In Kroatien hat die konservative Regierungspartei HDZ (Kroatische Demokratische Gemeinschaft) gewonnen. Nach Angaben der staatlichen Wahlkommission kam sie auf 23 Prozent der Stimmen und errang fünf von elf Mandaten.

Die oppositionelle SDP (Sozialdemokraten) kam auf 18 Prozent der Stimmen und drei Mandate. Die restlichen Mandate verteilen sich auf Kleinparteien.

In Irland haben die Grünen einer Nachwahlbefragung zufolge erstmals seit 20 Jahren den Einzug ins EU-Parlament geschafft. Die Partei dürfte dort auf drei der 13 erhältlichen Sitze kommen, wie eine am Samstag veröffentlichte Erhebung von RTE-TG4 RED C ergab. Insgesamt besteht das Europäische Parlament aus 751 Sitzen.

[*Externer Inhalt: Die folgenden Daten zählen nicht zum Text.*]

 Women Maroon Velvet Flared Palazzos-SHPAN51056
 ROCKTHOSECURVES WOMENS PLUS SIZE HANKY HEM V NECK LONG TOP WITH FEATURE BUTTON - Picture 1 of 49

Höchste Beteiligung seit 20 Jahren

Die Wahlbeteiligung bei der Europawahl war nach Angaben des EU-Parlaments voraussichtlich die höchste «seit mindestens 20 Jahren», sagte ein Sprecher der Volksvertretung.

Demnach lag sie laut Prognosen für die 27 Mitgliedstaaten ohne Grossbritannien bei rund 51 Prozent. Für alle 28 Länder wurde ein Wert zwischen 49 und 52 Prozent erwartet.